Hamdan, who is about 40, was found guilty of material support for terrorism by a six-member military jury in August.
He was acquitted of the more serious charge of conspiracy and sentenced to just five months longer than the five-plus years he had served, mostly in maximum security isolation, at the U.S. naval base in Cuba.
The disclosure that Hamdan was already off the base or would be within hours signaled that the Bush administration had conceded its effort to severely punish the $200-a-month Al Qaeda driver had failed.
Bush administration officials sought and were denied reconsideration of Hamdan’s 66-month sentence after trial by the Pentagon’s Office of Military Commissions. Prosecutors deemed the term too lenient. They had asked that Hamdan serve 30 years to life.
Government lawyers had cast him as one of those who helped plot and execute the Sept. 11, 2001, attacks.
During Hamdan’s three-week trial, his defense lawyers elicited testimony portraying the slight, soft-spoken defendant as a hired hand with a fourth-grade education, a man who drove Bin Laden and at times acted as a bodyguard but was excluded from the terrorist group’s inner circle.

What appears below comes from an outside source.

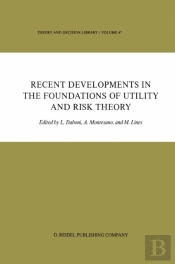 Recent Developments In The Foundations Of Utility And Risk Theory
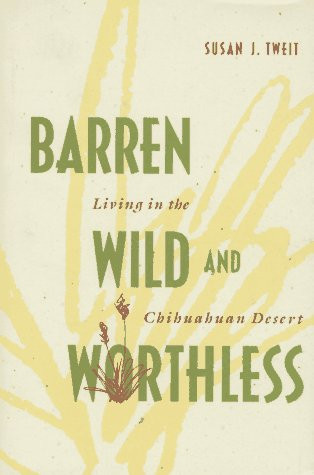 Cover of Barren, wild, and worthless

About 100 of the 250 prisoners still at Guantanamo are Yemenis. Many of them are expected to be sent home once President Bush leaves office and the Pentagon is compelled to dismantle the prison and the interrogation and prosecution operations that have drawn international condemnation.
A lawyer involved in the commissions said he regarded the transfer of Hamdan as the “grease” needed to launch the repatriation of Yemenis after years of diplomatic standoff between the U.S. and Yemeni governments.
Neither the spokeswoman for the task force that operates the detention facilities, Navy Cmdr. Pauline A. Storum, nor commissions spokesman Joseph DellaVedova, responded to requests for confirmation of Hamdan’s transfer.
Pentagon officials routinely refuse to discuss detainee movements, claiming security concerns.
The Yemeni news agency, SABA, reported from the capital Sanaa that “well-informed sources said on Monday that U.S. authorities would extradite Salim Hamdan to Yemen in the coming few days.”
Monday marked exactly seven years since Hamdan was captured at a roadblock near Kandahar, Afghanistan, as he returned from taking his wife and a daughter to Pakistan to escape the bombardment of suspected Al Qaeda and Taliban strongholds in the weeks after the Sept. 11 attacks.
He was held by U.S.-led Afghan fighters, then by clandestine U.S. government agents for two months before he was sent to Guantanamo.
Hamdan had cooperated with his captors while in Afghanistan, testimony during his trial indicated. Information thought to have led to his reduced sentence and acquittal on the conspiracy charge was disclosed to the military judge and jury during a closed session.
Hamdan has a wife and two daughters in Yemen.